Surely it can't cost that much more to add three to six pages to a title and allow more spacing to make it easier to read. You could argue I suppose these are critical editions and not meant to be performed from, but still, you imagine people would read these scores for some lengths of time, and eye strain would be a factor.
 

I know a lot of this is preferences of the publisher; and the engraver has no say in the matter, but I know in terms of regular typography for books, etc: things are much more readable with wide spaces, and opened margins etc.
 
But that's just me.
 
Thanks
 
Kim Patrick Clow
 
On 5/11/06, David W. Fenton <[EMAIL PROTECTED]> wrote:
On 11 May 2006 at 9:10, Johannes Gebauer wrote:

> On 11.05.2006 David W. Fenton wrote:
> > I would never bother to make such a distinction in an edition
> > intended for anyone other than myself. It's just not valuable
> > information, seems to me, except for someone evaluating the critical
> > edition, and in that case, the critical notes should suffice without
> > having to clutter the musical text with fussy distinctions that are
> > of virtually no use to anyone and badly interfere with legibility
> > (in my opinion).
>
> Henle uses this practice for some of the Haydn complete edition. Since
> they make parts which completely agree with the score (praise them for
> that, it makes my life so much easier) the several layers survive in
> the parts. These layers are also usually very appropriate to represent
> an ambiguous source situation. In many of Haydns works the autograph
> doesn't survive, and all we have are several manuscripts which don't
> always give the same text.

I'm not trying to argue with you, Johannes. I just think we are
aiming at different audiences for our editions.

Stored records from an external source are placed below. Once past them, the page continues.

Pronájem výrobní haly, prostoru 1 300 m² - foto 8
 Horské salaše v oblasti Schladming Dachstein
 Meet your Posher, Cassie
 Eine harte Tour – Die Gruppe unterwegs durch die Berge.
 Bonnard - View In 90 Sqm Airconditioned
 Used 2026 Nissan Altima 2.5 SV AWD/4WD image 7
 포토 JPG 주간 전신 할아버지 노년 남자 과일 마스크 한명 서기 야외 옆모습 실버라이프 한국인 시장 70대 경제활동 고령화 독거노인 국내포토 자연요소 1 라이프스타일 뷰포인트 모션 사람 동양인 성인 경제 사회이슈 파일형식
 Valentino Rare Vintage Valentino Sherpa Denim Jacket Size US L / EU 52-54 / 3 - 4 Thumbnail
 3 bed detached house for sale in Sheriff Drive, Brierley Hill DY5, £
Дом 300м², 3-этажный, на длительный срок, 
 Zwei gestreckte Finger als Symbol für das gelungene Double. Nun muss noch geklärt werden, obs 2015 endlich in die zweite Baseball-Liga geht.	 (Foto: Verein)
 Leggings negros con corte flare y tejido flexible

If I were preparing an edition for *you* to perform from, I'd be
delighted to include all the distinctions that indicate editorial
interventions of whatever kind.

But there is one thing about this approach that bothers me, and that
is the idea that everything in multiple sources has to be represented
in the edition. If one is producing an edition from a single source,
that makes sense to me (in which case, there is no justification for
using both square and round brackets).

But when you're producing an edition that's a collation of multiple
sources, you have a different set of problems that involve resolving
the contraditions between different readings. One source could have
an internally consistent set of readings that differ from those of a
different source that is itself also internally consistent. If you
conflate those two into a third text, you're taking two distinct
internally consistent texts and constructing a text that can't
possibly be internally consistent.

By including all the information about what's editorial and what's
drawn from some but not all sources you're leaving the performer to
make choices one at a time, instead of as a whole.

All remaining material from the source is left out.